Hi All,
Can someone please explain what is seekaddress and seekcrc in CRC in simple terms.
I tried to check documentation but looks quit confusing.
Read the below scenario but Little confused.
The CRC from the file beginning in the database has no matching record, indicating a file that Splunk hasn’t seen before. Splunk picks it up and ingests its data from the start of the file and updates the database with the new CRCs and Seek Addresses as it ingests the file.
When Splunk is monitoring a file, it regularly re-reads the first 256 bytes (configurable in inputs.conf) to make sure the file hasn't been rewritten. Those 256 bytes pass through an algorithm to produce a numeric value, called the seekcrc (not unlike a hash).

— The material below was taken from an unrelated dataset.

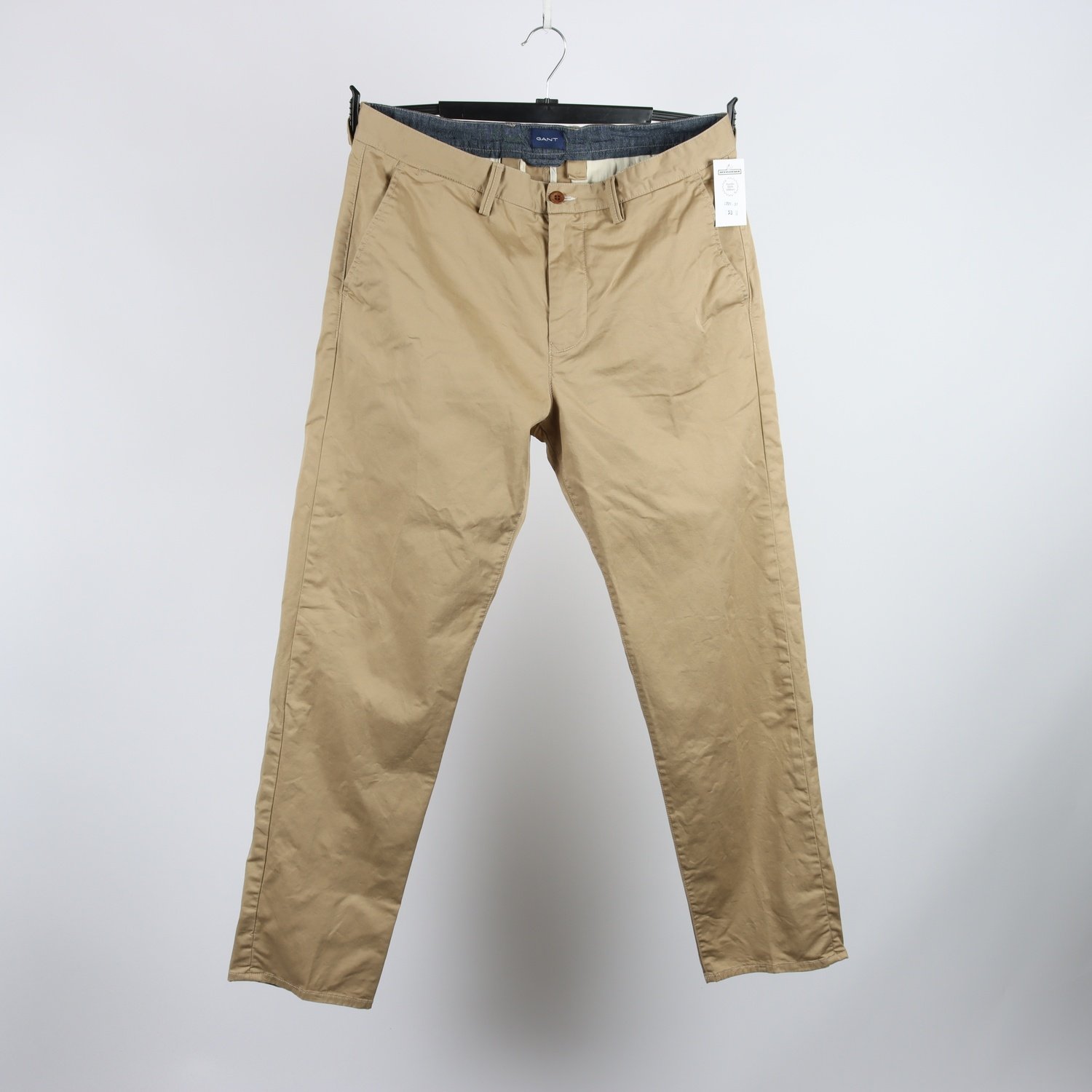 Byxor, Gant, khaki, stl. W: 34″ L: 32″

As the file is read, Splunk remembers the current position within the file ("seekaddress") so it can pick up where it left off after a restart.
See https://www.splunk.com/en_us/blog/tips-and-tricks/what-is-this-fishbucket-thing.html
So when we mention CRC = <source> in inputs what actually happens.

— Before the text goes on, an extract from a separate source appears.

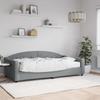 VidaXL Daybed with Mattress Light Grey 100x200 Cm Fabric 3197517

I have created a monitor stanza for one source and it isn't sending logs to splunk.
When I checked internal logs it says failed to read file as it is too short check CRC something like that.

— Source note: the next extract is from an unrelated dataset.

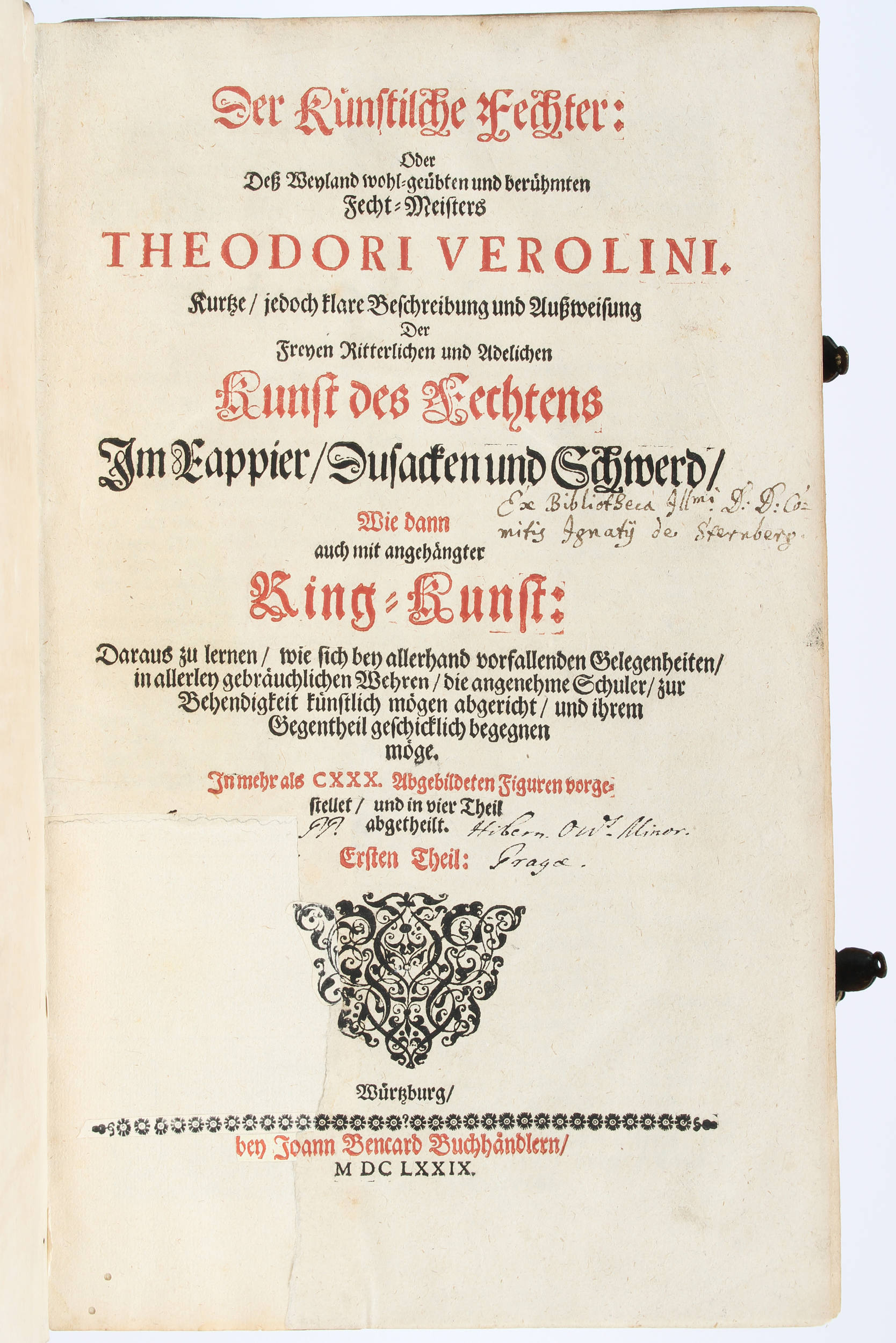Verolinus, Der Künstilche Fechter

Firstly, it's <SOURCE>, not <source> (the case of the letters is important here).
Secondly - it means that the filename is appended to the CRC value so even if you have two files with the same header but different path they will not be considered as the same file by the input. Why would you want that? Because some files can have the same beginning part but differ somewhere later (typical use case - an app creates a new file every time it is restarted and each log file starts with the same report about the app's starting process like loading libraries and so on).
This option is rarely used but it's there in case you need it.
The initCRC = <source> setting adds the name of the input file to the algorithm used to compute the CRC. It helps prevent duplicate CRCs.
Ok. We are a monitor input. We see a new file. It might have been just created, it might have been renamed from another name within the same directory. We don't know that.
Firstly we check whether the filename is allowed by whitelists/blacklists combination and age limit.
If so, we're reading a beginning of the file and calculate CRC from the "header" of the file. We check the index of known files - so called fishbucket to see if we already know this CRC.
If we know this CRC it means we've already seen this file (maybe with another filename) so we're checking for the remembered position within the file where we last read its contents. And we resume reading from that position.
If we don't it's a completely new file and we start reading from the beginning.
As we're reading the file we update the remembered position within the file stored in the fishbucket so next time we encounter some file we can repeat the process.
That's a bit simplified description of how it works.